Lawrence Klemin grew up as a tough, hardworking, North Dakota boy. According to Klemin, working in his parent’s gravel pit in Carrington and on his family’s farm in New Rockford gave him an understanding of the value of hard work from a young age — which became a major asset during his college years, and his eventual enlistment in the U.S. Military.
“I didn’t really know what I had in mind at the time,” he states, “but the war in Vietnam was going on at the time. I didn’t have any other plans, so I enlisted in the army. It’s kind of like looking for adventure, I guess — and I found it, too.”
Although he initially enlisted in the Infantry, Klemin was assigned to the 101st Airborne Division– the only air assault division in the U.S. Army. He didn’t know it at the time, but he was sent in as a replacement for many casualties that the division had just suffered. And on one particular search and destroy mission, he almost lost his life, too.

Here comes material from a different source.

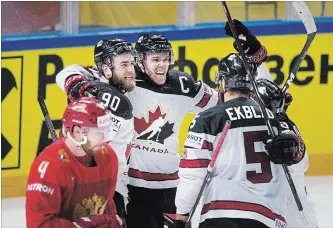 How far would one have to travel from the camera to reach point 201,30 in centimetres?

“We had a firefight,” Klemin says, “and then I see this grenade rolling out not too far from me, about 20 feet away. I hit the ground quickly, it went off, and I was injured. Grenade fragments hit me in the right arm and right shoulder, so it kind of numbed me. Actually, a fragment went all the way through my arm, and poked out of the other side.”
Because of the hostility, the medevac couldn’t get to Klemin and the other three injured soldiers, so they had to walk to where a helicopter could pick them up.
“It helped that I had a little package of morphine,” he states. “We all carried a little first aid kit on our belt that contained a little thing of morphine that you could jab in your arm, and that took away the pain.”
After the morphine shot, the four injured men made their way to the helicopter — which was hovering hundreds of feet above them and unable to land in the jungle. Klemin and one other man were lifted up inside of it on a cable hooked to a winch, with the other two men following behind. That, however, is when disaster struck.
“One of the enemies opened fire on our helicopter,” Klemin recalls, “and hit the guy who was running the winch, right in the face. I was sitting right across from him — It knocked him out. I don’t know if a bullet hit the cable, but it snapped. The helicopter just dove down over the tree line to get out of there, and the other two men were lost down in the jungle someplace.”
Later, Klemin did get a chance to catch up with the pilot as he recovered from his injuries, who informed him that the helicopter was shot twelve times. Following the incident, Klemin was awarded a Purple Heart and a Bronze Star, among many other awards. This recognition, though, did little to stop him from venturing back to the battlefield in service to his country.
“And then I went back to Vietnam,” he declares. “I went back to my unit back to the exact same job I had before, out in the jungle again.”
Klemin has been married for 53 years after meeting his sweetheart in Ohio on a double date. They have two kids, as well as three grandchildren, who currently live in Bismarck. Although his military service has long since ended, he states that he’s been taking that same style of perseverance to the legislature– continuing to fight for our freedoms– but in the halls of the state capitol instead.